In the poem ‘Little Winters,’ Tegenkamp describes Tegenkamp’s mother seeing images in ice; “Look, my mother says, look, /pointing at their abstract shapes/strangely branching.” (10) In the same poem, the poet compares our reaction to mortality, how we have ‘This tendency to freeze/in the face of mortality, /day/suddenly folding in on itself, /for seven minutes, /those soldiers, held in limbo/ slack-jawed/beneath a solar eclipse, 585 BC.” (11) Through the centuries, humankind’s reaction to mortality remains the same. In this case Tegenkamp travels through time to Asia Minor where we find that the warring soldiers have laid down their weapons and declared a truce. The reference here is an indication that we as humans surrender to the truth no matter when or where, that we must face our mortality, that life is fleeting. The mother wants her daughter to experience what she sees before the image disappears and becomes lost. That certain image will not pass this way again.

This thought is continued, with Tegenkamp’s father, in a “green Pontiac/ carrying him north over highways and gravel roads,” chasing dreams. (28) Tegenkamp tries to connect with him by using images created from stories told to the poet. Tegenkamp relates his wanting to keep in touch with his own mother; “He gathered theses smallest parts of her/inside him. To cry might release them, /so he drank, a reverse river/ of grief that kept her close.” (29) By following such a drastic move, he hopes to hold onto the times he had with his mother. But life for him is chaotic and short; time does not stand still for him nor for anyone.
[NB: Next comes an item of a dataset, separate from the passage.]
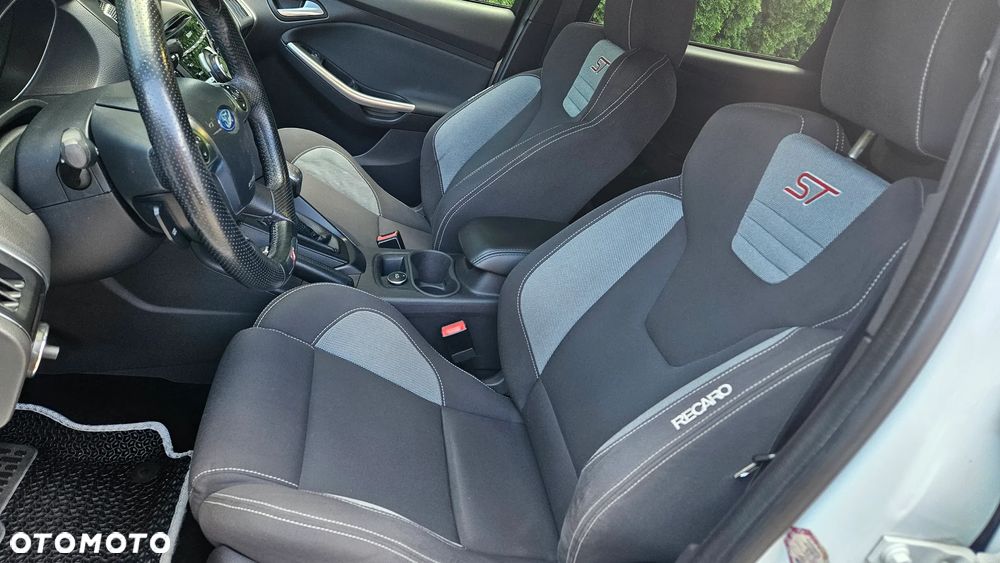 Ford Focus 2.0 EcoBoost ST mit Leder-Sport-Paket - 16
In Fata Morgana, Tegenkamp stresses this point. Like Morgana, who is said to have created a mirage between Italy and Sicily, life is like a mirage, briefly seen before it disappears. We “exist in time/ when small gestures from dreams/ materialize in the day/ like tufts of wool caught on a fence”. (87)
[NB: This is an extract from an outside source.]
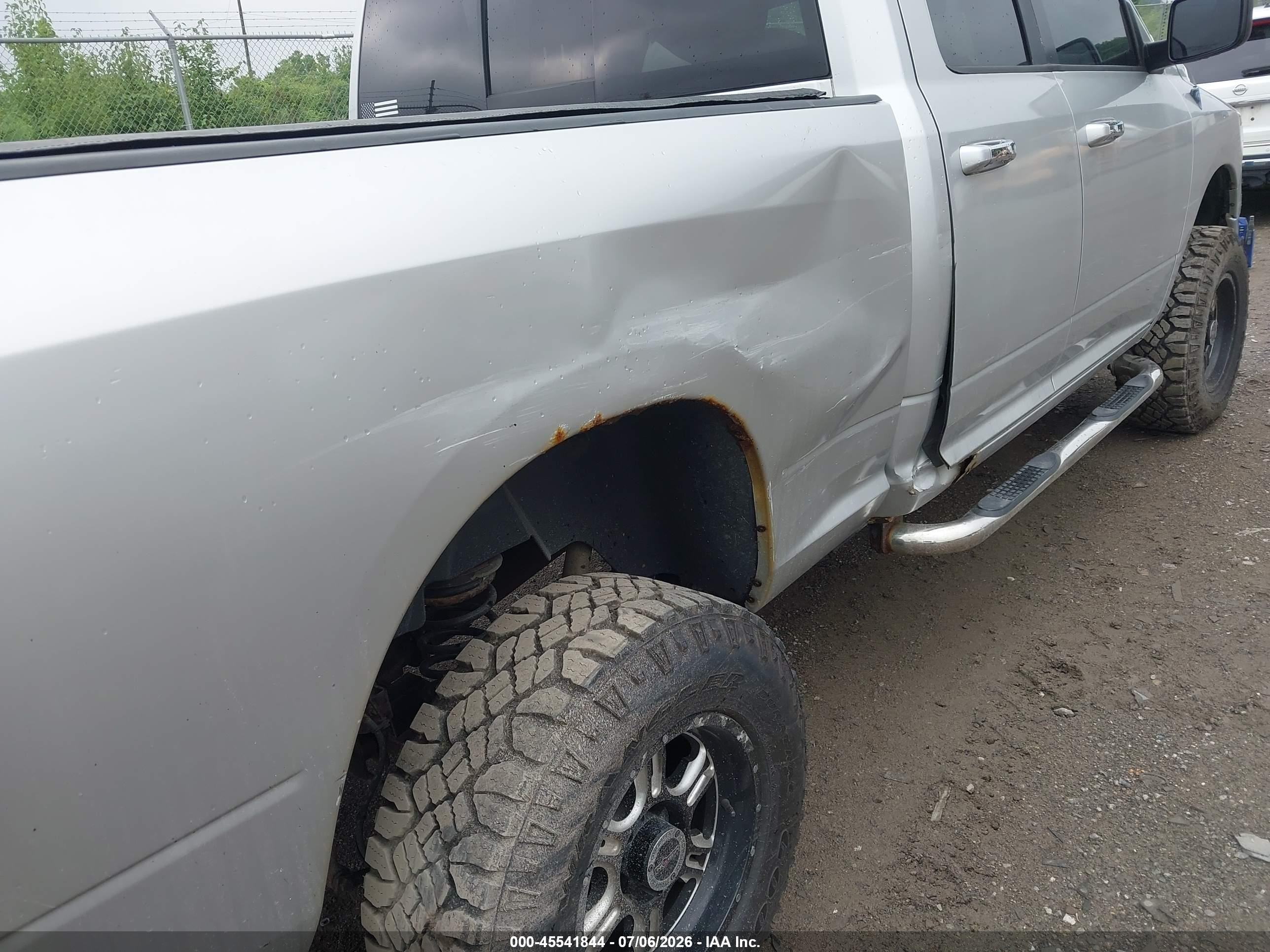 2013 Ram 1500 Slt Серебряный vin: 1C6RR7GP2DS634386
In the section titled, Quarry, under the portion ‘my Beloved/ History,’ ‘Beloved’ is stroked out, Tegenkamp shows us the changing appearance of language with the blocking of words. Tegenkamp uses torn pieces of a text to represent the tip of the iceberg that struck the Titanic. We see by this demonstration that language is transitory, that we can experience change in language in the same way life changed when the iceberg struck the ship. Change can be sudden and irreversible. Can we find harmony and order in the changes? Looking below surfaces, by exploring and digging, we can find new meaning. Past history cannot be changed but we can observe it, reflect on it, change our perspectives and change future history, “hopeful/you will /never //regret /the/time/spent.” (75)

Besides reminding us how fleeting life is, Tegenkamp also reminds us that the girl running is all of us, and in the time of running, the girl and the poet give us glimpses that can be rewarding, among them, in a camera shot, “buoyant shadow-shaped lung / exhaling a star-point bloom”, in a mother saying, “Try for balance,” in “a green Pontiac.” (3, 21, 28)

These and other observations are but a few of the many sightings of lives lived and lost to shadows. Further readings can only bring more revelations which will intensify and solidify Tegenkamp as a poet to be recognized and admired.

Girl running
by Diana Hope Tegenkamp
Thistledown Press, 2021, 118 p.p., $24.95
ISBN: 9781771872140


Mary Barnes is a writer living in Wasaga Beach, Ontario.